The task:
Retyped exactly and without pictures, the lines from the one with "Alfas del Pí - Alfaz del Sol" through the end of the listing must form the entire answer.

::::::::::

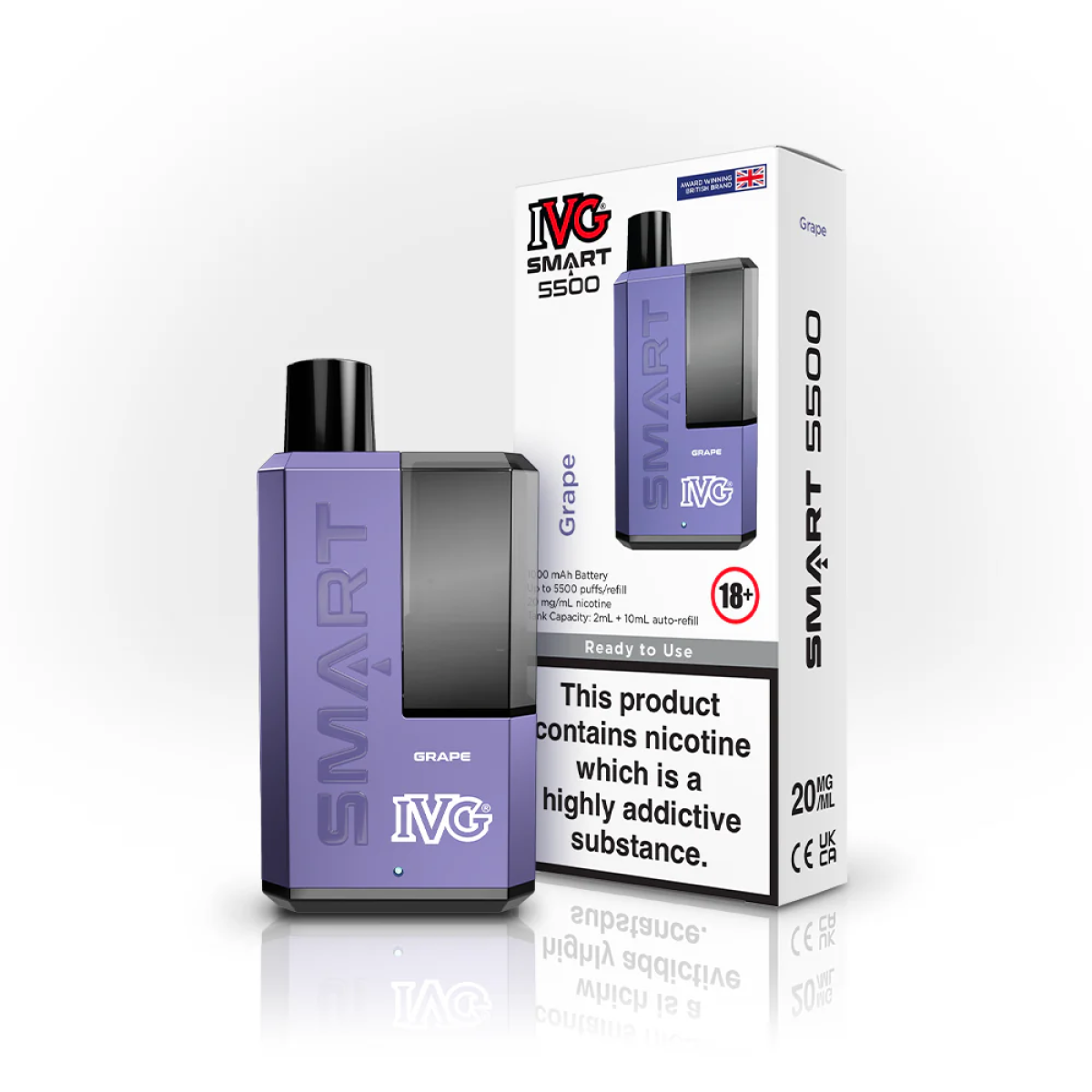 IVG Smart 5500 Premium Flavours (5500 puff) view 9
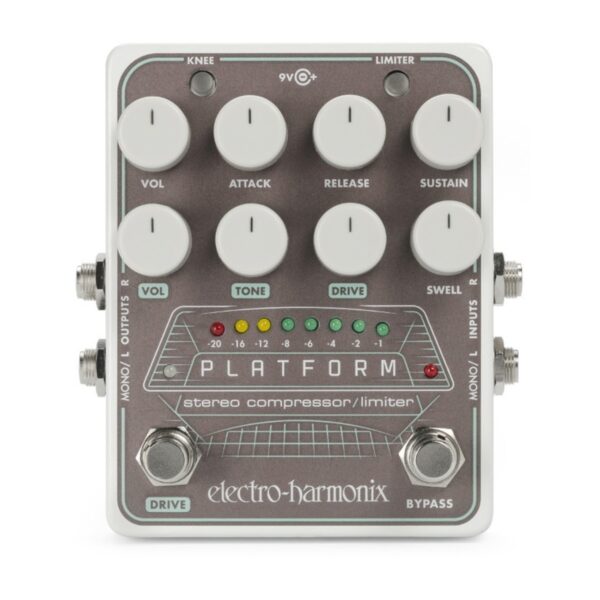 Electro Harmonix Platform Stereo Compressor/Limiter - Image 1
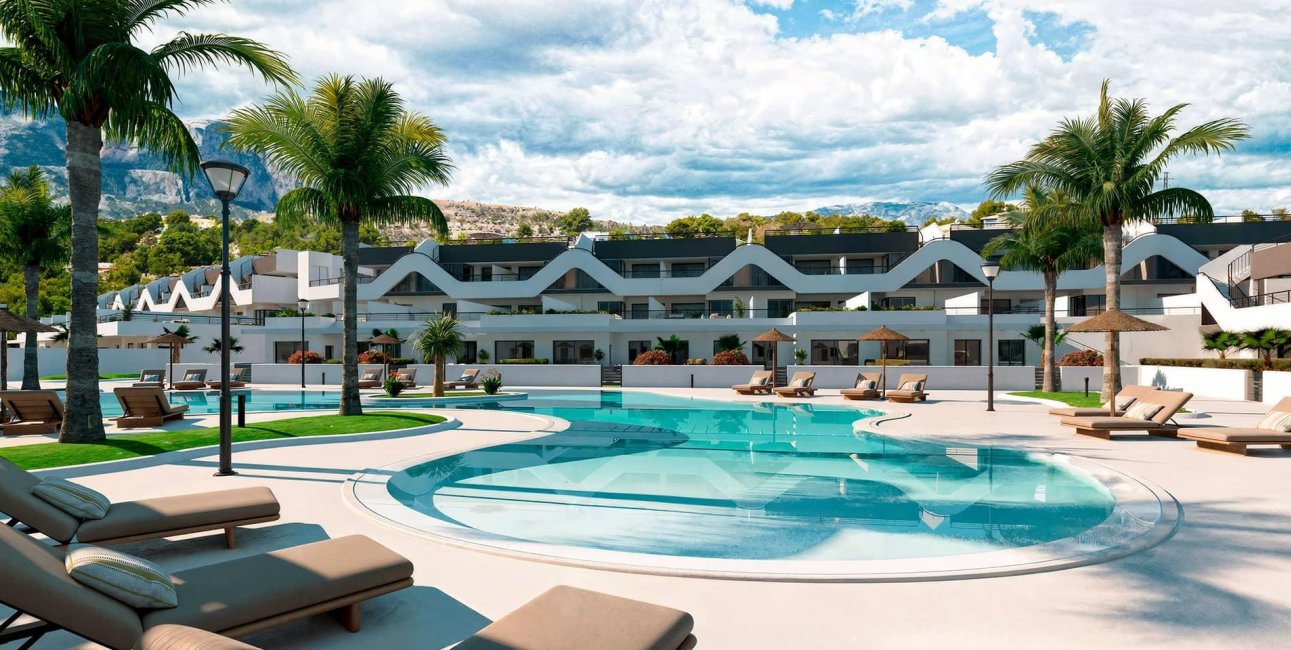 New Build - Apartment / flat -
Alfas del Pí - Alfaz del Sol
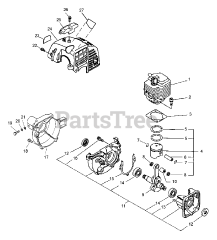 Echo PPF-2100 - Echo Pole Saw (Type 1E) (SN: 506100 - 509499)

::::::::::

Completed task:
Alfas del Pí - Alfaz del Sol
 Echo PPF-2100 - Echo Pole Saw (Type 1E) (SN: 506100 - 509499)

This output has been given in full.